TASK » Set down exactly the lines in the records below that run from the line with "ホテルの廊下は、こんな感じ。<br />私たちは９Fでした。" to the line with "Joseph Blue Crepe & Lace Paneled Skirt M", inclusive, and nothing more.

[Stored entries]
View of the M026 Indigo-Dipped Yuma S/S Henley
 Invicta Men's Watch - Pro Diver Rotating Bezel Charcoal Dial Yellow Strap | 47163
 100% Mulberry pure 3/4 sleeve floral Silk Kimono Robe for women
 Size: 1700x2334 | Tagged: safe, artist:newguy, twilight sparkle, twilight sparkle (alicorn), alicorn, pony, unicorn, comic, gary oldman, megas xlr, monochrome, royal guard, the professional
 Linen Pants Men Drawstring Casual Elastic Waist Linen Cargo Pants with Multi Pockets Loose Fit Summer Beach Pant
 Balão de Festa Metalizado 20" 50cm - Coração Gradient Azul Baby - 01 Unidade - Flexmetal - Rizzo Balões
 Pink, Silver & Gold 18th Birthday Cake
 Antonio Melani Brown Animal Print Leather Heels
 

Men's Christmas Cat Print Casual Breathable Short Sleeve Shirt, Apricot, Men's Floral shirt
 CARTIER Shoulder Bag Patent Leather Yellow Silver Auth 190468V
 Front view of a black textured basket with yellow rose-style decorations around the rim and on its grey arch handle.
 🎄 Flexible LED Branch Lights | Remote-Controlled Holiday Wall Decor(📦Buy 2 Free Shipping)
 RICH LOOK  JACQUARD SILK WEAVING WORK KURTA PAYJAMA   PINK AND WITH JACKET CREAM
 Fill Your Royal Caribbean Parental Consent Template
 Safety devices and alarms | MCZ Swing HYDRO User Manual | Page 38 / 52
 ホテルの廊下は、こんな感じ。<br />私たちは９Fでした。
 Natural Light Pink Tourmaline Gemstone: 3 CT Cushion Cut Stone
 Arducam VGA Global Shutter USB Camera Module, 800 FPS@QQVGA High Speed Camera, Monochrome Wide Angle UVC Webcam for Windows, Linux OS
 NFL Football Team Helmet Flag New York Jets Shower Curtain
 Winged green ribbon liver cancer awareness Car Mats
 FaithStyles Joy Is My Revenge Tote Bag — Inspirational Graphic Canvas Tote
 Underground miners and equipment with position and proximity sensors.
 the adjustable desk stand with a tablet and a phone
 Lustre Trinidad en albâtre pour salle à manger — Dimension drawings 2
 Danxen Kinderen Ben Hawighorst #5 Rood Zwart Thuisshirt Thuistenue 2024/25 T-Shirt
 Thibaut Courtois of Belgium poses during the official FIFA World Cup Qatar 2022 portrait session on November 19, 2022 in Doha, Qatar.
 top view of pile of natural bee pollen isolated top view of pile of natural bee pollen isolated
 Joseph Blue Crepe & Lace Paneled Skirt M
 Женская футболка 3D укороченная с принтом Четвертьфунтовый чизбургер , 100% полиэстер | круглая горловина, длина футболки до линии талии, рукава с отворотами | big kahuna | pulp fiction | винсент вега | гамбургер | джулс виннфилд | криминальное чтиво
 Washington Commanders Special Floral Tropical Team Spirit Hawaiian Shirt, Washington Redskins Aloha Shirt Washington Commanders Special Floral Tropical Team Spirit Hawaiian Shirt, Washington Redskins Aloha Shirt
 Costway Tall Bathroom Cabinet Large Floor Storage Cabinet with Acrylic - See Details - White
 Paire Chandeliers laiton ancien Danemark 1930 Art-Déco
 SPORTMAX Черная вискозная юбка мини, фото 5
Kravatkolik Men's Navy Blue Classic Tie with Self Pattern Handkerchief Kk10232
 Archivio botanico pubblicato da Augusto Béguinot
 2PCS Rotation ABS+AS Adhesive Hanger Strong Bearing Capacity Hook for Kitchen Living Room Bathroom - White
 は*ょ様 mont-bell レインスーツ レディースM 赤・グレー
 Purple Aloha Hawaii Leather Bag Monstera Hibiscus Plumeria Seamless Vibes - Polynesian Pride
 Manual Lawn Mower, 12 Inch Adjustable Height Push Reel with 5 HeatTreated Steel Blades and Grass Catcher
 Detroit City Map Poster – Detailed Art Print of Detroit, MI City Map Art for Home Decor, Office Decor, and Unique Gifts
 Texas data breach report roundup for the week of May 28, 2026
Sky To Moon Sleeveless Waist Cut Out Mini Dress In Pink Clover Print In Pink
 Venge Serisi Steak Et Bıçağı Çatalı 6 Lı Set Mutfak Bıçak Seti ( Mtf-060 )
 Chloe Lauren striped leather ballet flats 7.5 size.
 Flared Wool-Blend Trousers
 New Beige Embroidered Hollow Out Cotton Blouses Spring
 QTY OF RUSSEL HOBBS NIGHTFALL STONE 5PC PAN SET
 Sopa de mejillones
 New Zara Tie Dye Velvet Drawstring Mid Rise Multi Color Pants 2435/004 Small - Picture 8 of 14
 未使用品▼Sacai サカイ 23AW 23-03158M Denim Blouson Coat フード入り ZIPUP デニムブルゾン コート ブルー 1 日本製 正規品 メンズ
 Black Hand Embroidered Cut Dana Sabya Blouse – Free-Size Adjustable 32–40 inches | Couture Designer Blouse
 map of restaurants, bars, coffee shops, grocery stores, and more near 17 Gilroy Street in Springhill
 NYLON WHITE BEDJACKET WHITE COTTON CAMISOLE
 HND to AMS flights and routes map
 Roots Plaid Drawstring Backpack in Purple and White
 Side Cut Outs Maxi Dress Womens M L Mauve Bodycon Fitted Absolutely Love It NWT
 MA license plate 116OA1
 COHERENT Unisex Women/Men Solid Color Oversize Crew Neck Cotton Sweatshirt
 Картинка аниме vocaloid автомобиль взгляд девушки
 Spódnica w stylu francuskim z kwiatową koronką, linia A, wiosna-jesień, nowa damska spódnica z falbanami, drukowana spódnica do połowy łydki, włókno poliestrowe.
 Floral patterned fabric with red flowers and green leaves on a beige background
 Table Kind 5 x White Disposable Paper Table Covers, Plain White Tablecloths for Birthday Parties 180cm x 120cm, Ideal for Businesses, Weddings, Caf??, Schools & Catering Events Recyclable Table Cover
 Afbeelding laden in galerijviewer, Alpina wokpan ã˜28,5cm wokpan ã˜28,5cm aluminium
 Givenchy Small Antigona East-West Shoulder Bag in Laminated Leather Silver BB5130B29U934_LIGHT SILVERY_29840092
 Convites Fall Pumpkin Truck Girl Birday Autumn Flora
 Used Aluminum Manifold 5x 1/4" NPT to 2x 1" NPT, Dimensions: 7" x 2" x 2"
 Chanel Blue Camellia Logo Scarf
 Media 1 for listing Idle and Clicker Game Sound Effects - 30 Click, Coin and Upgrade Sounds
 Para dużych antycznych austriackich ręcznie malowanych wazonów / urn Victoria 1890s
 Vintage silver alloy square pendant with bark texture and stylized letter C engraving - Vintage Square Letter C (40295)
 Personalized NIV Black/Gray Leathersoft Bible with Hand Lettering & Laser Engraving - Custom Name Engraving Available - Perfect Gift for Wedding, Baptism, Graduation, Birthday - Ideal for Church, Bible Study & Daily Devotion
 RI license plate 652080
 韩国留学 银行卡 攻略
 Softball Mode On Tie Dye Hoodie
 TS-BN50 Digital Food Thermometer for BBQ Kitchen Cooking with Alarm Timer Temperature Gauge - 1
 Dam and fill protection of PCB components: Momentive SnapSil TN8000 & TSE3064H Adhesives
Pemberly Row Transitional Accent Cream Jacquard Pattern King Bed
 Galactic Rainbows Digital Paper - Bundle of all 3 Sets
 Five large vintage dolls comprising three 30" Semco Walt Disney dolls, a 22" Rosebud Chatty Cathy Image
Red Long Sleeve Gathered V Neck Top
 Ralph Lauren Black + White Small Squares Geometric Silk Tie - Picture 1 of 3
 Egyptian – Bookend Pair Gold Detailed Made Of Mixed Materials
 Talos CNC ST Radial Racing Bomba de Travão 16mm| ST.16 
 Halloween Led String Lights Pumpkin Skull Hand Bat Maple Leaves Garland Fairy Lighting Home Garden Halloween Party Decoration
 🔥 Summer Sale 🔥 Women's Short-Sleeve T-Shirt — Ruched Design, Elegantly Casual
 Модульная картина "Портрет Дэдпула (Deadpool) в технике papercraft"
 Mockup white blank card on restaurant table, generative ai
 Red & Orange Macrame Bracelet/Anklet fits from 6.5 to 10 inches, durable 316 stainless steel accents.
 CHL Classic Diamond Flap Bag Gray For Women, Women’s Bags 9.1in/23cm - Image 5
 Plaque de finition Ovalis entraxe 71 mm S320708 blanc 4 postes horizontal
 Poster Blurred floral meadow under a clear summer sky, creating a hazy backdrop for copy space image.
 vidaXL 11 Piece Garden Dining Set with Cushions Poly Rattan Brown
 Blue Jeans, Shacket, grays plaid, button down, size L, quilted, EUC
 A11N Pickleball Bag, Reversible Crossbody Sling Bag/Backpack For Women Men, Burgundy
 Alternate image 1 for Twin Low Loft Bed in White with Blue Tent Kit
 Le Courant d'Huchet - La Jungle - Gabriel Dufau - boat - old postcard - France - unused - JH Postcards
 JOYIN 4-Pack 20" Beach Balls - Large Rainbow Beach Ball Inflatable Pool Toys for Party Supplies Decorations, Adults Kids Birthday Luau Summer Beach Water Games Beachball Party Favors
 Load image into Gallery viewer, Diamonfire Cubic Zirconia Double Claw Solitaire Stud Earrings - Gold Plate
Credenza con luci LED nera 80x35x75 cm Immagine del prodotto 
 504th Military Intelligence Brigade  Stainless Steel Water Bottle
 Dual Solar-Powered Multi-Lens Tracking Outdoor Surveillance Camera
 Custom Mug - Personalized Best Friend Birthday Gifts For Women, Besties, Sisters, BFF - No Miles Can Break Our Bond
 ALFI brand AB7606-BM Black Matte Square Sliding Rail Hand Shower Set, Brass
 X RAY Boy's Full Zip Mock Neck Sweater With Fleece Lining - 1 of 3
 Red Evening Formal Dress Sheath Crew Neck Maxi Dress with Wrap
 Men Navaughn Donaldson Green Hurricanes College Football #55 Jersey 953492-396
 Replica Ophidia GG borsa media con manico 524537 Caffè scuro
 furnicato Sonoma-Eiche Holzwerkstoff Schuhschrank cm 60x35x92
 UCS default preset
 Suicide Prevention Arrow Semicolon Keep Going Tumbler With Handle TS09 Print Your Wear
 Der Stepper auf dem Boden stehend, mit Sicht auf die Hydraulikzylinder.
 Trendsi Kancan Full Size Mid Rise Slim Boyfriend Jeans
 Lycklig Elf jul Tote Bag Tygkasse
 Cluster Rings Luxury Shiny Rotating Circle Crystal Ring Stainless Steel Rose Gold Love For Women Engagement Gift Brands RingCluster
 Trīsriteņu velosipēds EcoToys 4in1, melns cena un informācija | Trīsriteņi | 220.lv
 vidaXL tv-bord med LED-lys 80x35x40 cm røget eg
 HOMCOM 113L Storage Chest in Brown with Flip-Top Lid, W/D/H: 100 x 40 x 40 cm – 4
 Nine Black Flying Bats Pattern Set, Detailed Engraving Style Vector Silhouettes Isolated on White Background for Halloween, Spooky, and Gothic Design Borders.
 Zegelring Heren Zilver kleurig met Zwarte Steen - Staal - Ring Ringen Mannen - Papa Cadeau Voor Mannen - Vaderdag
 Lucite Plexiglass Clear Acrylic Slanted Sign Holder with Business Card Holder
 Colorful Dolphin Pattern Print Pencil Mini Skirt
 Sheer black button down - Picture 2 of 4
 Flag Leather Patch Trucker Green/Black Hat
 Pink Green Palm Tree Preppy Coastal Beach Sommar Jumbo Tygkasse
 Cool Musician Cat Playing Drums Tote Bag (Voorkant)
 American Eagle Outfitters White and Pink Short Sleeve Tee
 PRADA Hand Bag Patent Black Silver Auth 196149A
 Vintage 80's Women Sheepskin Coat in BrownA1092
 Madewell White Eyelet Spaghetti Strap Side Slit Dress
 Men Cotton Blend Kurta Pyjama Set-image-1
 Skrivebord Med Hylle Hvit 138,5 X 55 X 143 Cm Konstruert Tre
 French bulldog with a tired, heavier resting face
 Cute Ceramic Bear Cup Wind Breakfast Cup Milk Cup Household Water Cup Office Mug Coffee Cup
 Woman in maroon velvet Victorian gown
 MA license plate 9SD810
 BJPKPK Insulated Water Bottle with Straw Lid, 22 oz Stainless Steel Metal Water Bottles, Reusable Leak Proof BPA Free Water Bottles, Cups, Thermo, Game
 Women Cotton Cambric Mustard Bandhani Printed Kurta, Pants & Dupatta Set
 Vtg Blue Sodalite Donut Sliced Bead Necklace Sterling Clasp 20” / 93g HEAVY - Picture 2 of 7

RESPONSE »
 ホテルの廊下は、こんな感じ。<br />私たちは９Fでした。
 Natural Light Pink Tourmaline Gemstone: 3 CT Cushion Cut Stone
 Arducam VGA Global Shutter USB Camera Module, 800 FPS@QQVGA High Speed Camera, Monochrome Wide Angle UVC Webcam for Windows, Linux OS
 NFL Football Team Helmet Flag New York Jets Shower Curtain
 Winged green ribbon liver cancer awareness Car Mats
 FaithStyles Joy Is My Revenge Tote Bag — Inspirational Graphic Canvas Tote
 Underground miners and equipment with position and proximity sensors.
 the adjustable desk stand with a tablet and a phone
 Lustre Trinidad en albâtre pour salle à manger — Dimension drawings 2
 Danxen Kinderen Ben Hawighorst #5 Rood Zwart Thuisshirt Thuistenue 2024/25 T-Shirt
 Thibaut Courtois of Belgium poses during the official FIFA World Cup Qatar 2022 portrait session on November 19, 2022 in Doha, Qatar.
 top view of pile of natural bee pollen isolated top view of pile of natural bee pollen isolated
 Joseph Blue Crepe & Lace Paneled Skirt M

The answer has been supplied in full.